30 April 2022 | 00.00 WIB

Image of Tempo
Perbesar
Nyai Hanifah Muyasarah di Pondok Pesantren Al Ihya Ulumaddin, Kesugihan, Cilacap, Jawa Tengah, 23 April 2022. TEMPO/M Taufan Rengganis

Baca berita dengan sedikit iklan, klik di sini

SEBELUM menginisiasi rumah aman bagi perempuan korban kekerasan seksual dan kekerasan dalam rumah tangga, Hanifah Muyasarah, pengasuh Pondok Pesantren Al-Ihya Ulumaddin, membidani lahirnya Balai Perempuan Annisa pada 2002. Pendirian perkumpulan ini dilatari banyaknya persoalan yang dialami perempuan pekerja migran asal Cilacap, Jawa Tengah.

“Pendampingan ini penting karena Cilacap menjadi kantong pekerja migran terbesar di Jawa Tengah,” kata Muyasarah, Sabtu, 23 April lalu. Data Badan Perlindungan Pekerja Migran Indonesia menunjukkan jumlah pekerja migran dari Cilacap terbanyak ketiga setelah Indramayu, Jawa Barat, dan Ponorogo, Jawa Timur.

Muyasarah bercerita, ada banyak kasus yang menimpa buruh migran, seperti hilang kontak dengan keluarganya, mengalami kekerasan oleh majikan, dan dipekerjakan di bawah umur. Kasus itu juga banyak terjadi di Kecamatan Kesugihan, tempat pesantren itu berdiri. Lewat Balai Annisa, Muyasarah ingin menangani dan mencegah berbagai kasus yang menimpa pekerja migran.

Perempuan kelahiran Majenang, 19 Oktober 1969, ini juga mengajak para mantan buruh migran, pedagang, petani, hingga ibu rumah tangga di sekitarnya untuk mengaji. Pengajian ini sengaja digelar setiap Selasa siang di rumah Muyasarah.

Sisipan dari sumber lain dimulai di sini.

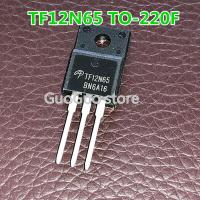 ราคา TO 220F TF12N65ของแท้ใหม่10ชิ้น12A 12N65 TO220F 650V MOS ท่อผลภาคสนาม (19528034065)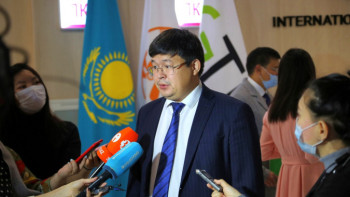 Фотография к новости:  «Жасыл» экономикаға көшу тұжырымдамасын қайта қарау керек – Абақанов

Awalnya, pengajian itu kurang diminati karena warga sekitar pesantren menganggap kegiatan itu hanya untuk orang yang memiliki pengetahuan agama tinggi. “Kebanyakan dari mereka salat hanya sekali sehari,” ucap Muyasarah. Belakangan, anggota Balai Perempuan Annisa yang mengikuti pengajian bertambah, dari semula hanya 30 orang menjadi 150-an orang.

Persamuhan setiap Selasa itu tak melulu membahas isi kitab, tapi juga persoalan politik dan sosial. Misalnya, mereka belajar merumuskan kebutuhan penggunaan dana desa, isu kesetaraan gender, serta perlindungan terhadap anak-anak. Muyasarah juga menggelar berbagai pendidikan dan pelatihan untuk peserta pengajian.

Balai Perempuan Annisa juga menerima berbagai aduan kasus kekerasan dalam rumah tangga. Siti Munawaroh, seorang pedagang pakaian di pasar, didapuk menjadi penanggung jawab pendampingan kasus KDRT. Perempuan 44 tahun itu menyatakan kebanyakan korban enggan melapor ke polisi karena takut tak bisa mencari uang jika berpisah dari suaminya.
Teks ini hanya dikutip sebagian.